Rule 4: two Supabase clients, never one
If you use Supabase with the App Router, you need the server client and the browser client as separate files — lib/supabase/server.ts and lib/supabase/client.ts. Early on I had one clever file that tried to detect its environment. It worked until it didn't, and the failure mode was cookies silently not being read on the server. Two boring files, zero cleverness, zero problems since.
The mistakes that shaped this structure
Barrel files everywhere. I used to put an index.ts in every folder re-exporting everything, so imports looked pretty. Then I learned they can drag unrelated code into bundles and slow the dev server on big projects. I removed them from all but components/ui and both build times and my tree-shaking improved.

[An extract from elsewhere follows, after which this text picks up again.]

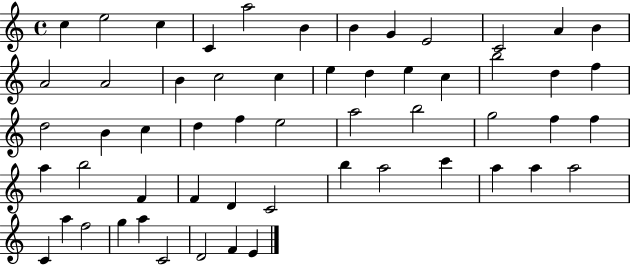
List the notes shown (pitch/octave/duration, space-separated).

C5/q E5/h C5/q C4/q A5/h B4/q B4/q G4/q E4/h C4/h A4/q B4/q A4/h A4/h B4/q C5/h C5/q E5/q D5/q E5/q C5/q B5/h D5/q F5/q D5/h B4/q C5/q D5/q F5/q E5/h A5/h B5/h G5/h F5/q F5/q A5/q B5/h F4/q F4/q D4/q C4/h B5/q A5/h C6/q A5/q A5/q A5/h C4/q A5/q F5/h G5/q A5/q C4/h D4/h F4/q E4/q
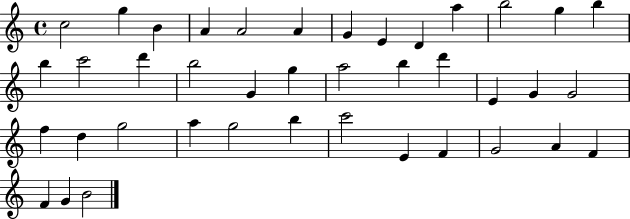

Organizing by file type instead of by feature. All actions in one folder, all queries in another, all components in a third — it sounds tidy, but changing a single feature meant touching four distant folders. Grouping by feature matches how work actually happens.
Deep relative imports. ../../../../lib/utils is a smell. Set the path alias once in tsconfig.json and never think about it again:
{
"compilerOptions": {
"paths": { "@/*": ["./src/*"] }
}
}Creating structure for imaginary scale. My second iteration had empty folders "for later" — a services/ layer nothing used, a repositories/ abstraction with one file. Delete speculative structure. Add folders when a real file needs a home, not before.
Does a small project need all this?
Honestly, no. A landing page with a contact form can be three folders. The structure above earns its keep somewhere around the point where you have authentication, more than one feature area, or more than one developer. What I'd say is: adopt Rule 1 (thin app/) and the path alias from day one on every project, because retrofitting those is the painful part. The rest can grow in as the project does.
The real goal isn't a beautiful tree. It's that six months from now, tired and in a hurry, you can find the file you need in five seconds and know with confidence what deleting it will break. Card2.tsx taught me that. There is no Card2.tsx anymore.